Özgür Karakaya
ozgkara@hotmail.com/Bursa
3 Haziran 2008
Nazım Hikmet 3 Haziran 1963’te bu dünyadan göçüp gitti. O tarihten bugüne 45 yıl geçti. Geriye ise ölümsüz eserler bıraktı. Pek çok şiirinde yaşam sevgisine bağlılığını, Diyalektik-materyalist felsefeye dayanan bir tarih bilinci ve insanlık sevgisiyle beraber içinde yaşadığı dönemin toplumsal sorunlarını dile getirdi. Geleceğe dair düşüncelerinde umut var oldu. Ölümle yüz yüze geldiğinde bile umudunu kaybetmeyerek, yaşamı boyunca kimseye el açmadı. Hayat karşısında savunma bilinciyle yer aldı.
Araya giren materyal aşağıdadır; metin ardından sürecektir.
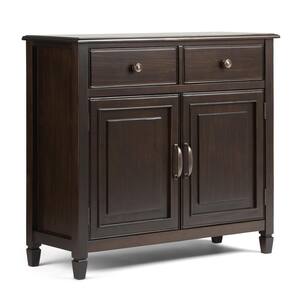 Brown in Accent Cabinets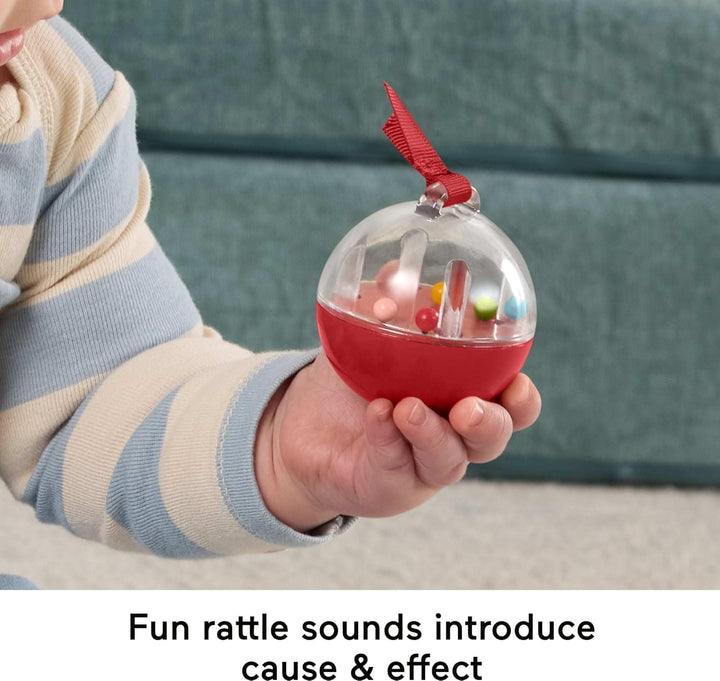 Fisher-Price Baby Toys Mini Me Moments - Juego de pesca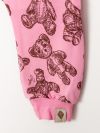 Pulóver 1színű + Nadrág TEDDY BEARS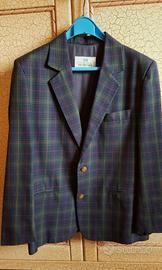 Completo cerimonia giacca e pantaloni TG 40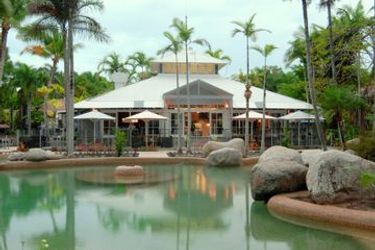 Hotel Reef Resort Port Douglas By Rydges:  PORT DOUGLAS - QUEENSLAND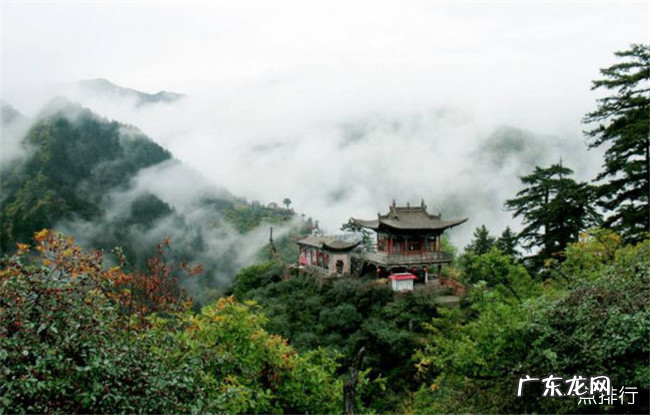 兰州十大旅游景点排名 兰州好玩的景点有哪些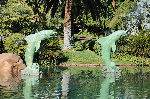 The Mirage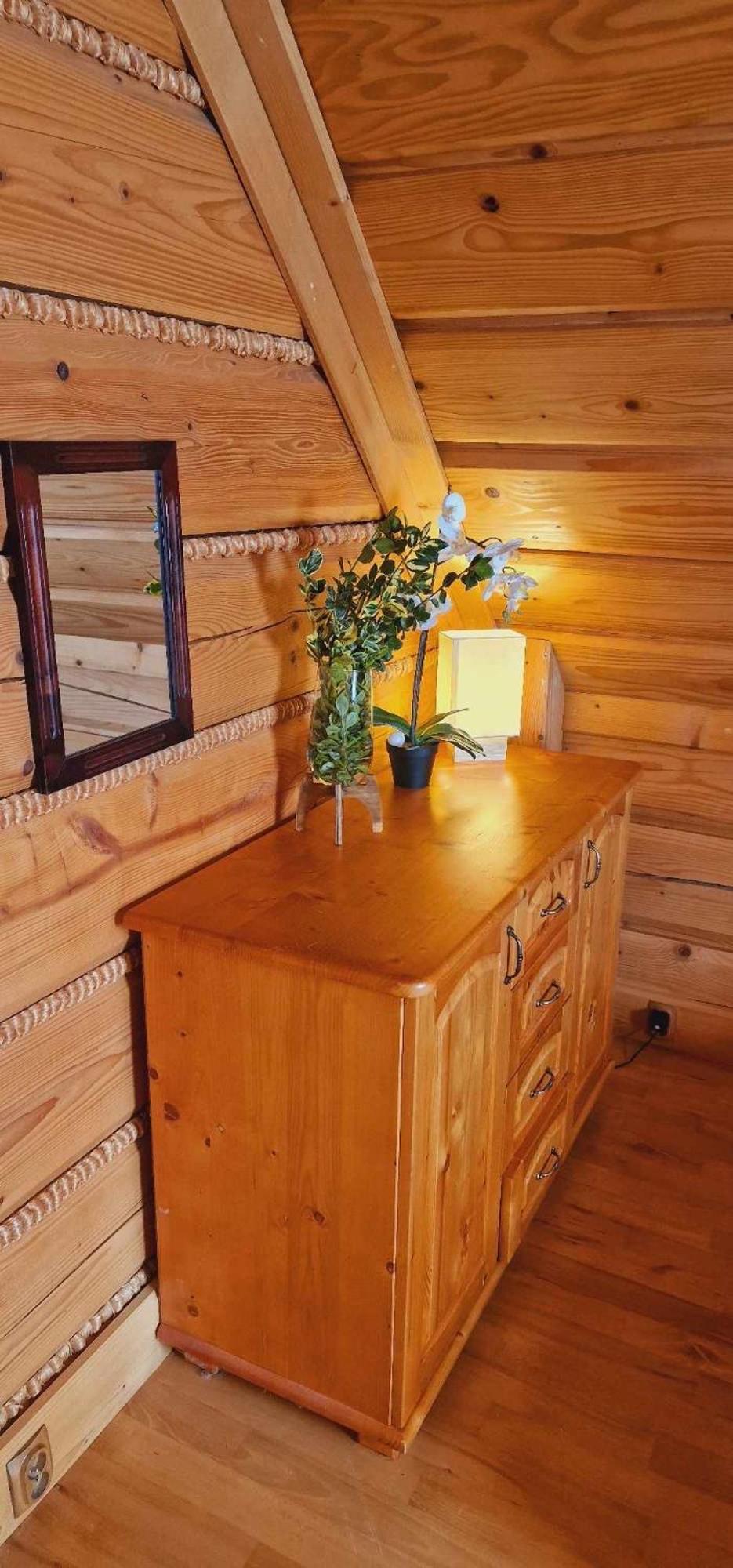Holiday home Goralska &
Gerçek sanatın halkın hizmetinde olması gerektiğini düşündüğünden, eserlerini ezilenlerin ve sömürülenlerin daha iyi bir dünya kurma mücadelesine adadı. Nazım’ın ismi mahkemelerdeki savunmalarıyla değil şiirleriyle yerleşti akıllara.
Emperyalizme karşı duruş sergileyerek yazdığı şiirler de yurtseverlik ve kahramanlık duyguları da bulunmaktadır. Bununla birlikte egemenlerin edebiyat anlayışını savunanlar da karşı çıkmıştır. O dönemden beri vatanı sata sata bitiremeyenleri gördükçe Nazım’ın vatan hainliğine devam ediyor hala şiirinin ne kadar haklı olduğu anlaşılır.
Aşklarını ve ideallerini yaşamına sığdırabilmiş, açlık grevinde ve yoksullukta açlık çekmiştir. Yaşadığı zaman zarfında şiirleri dünya dillerine çevrilip kendi dilinde yasaklanmayla karşı karşıya kalmıştır.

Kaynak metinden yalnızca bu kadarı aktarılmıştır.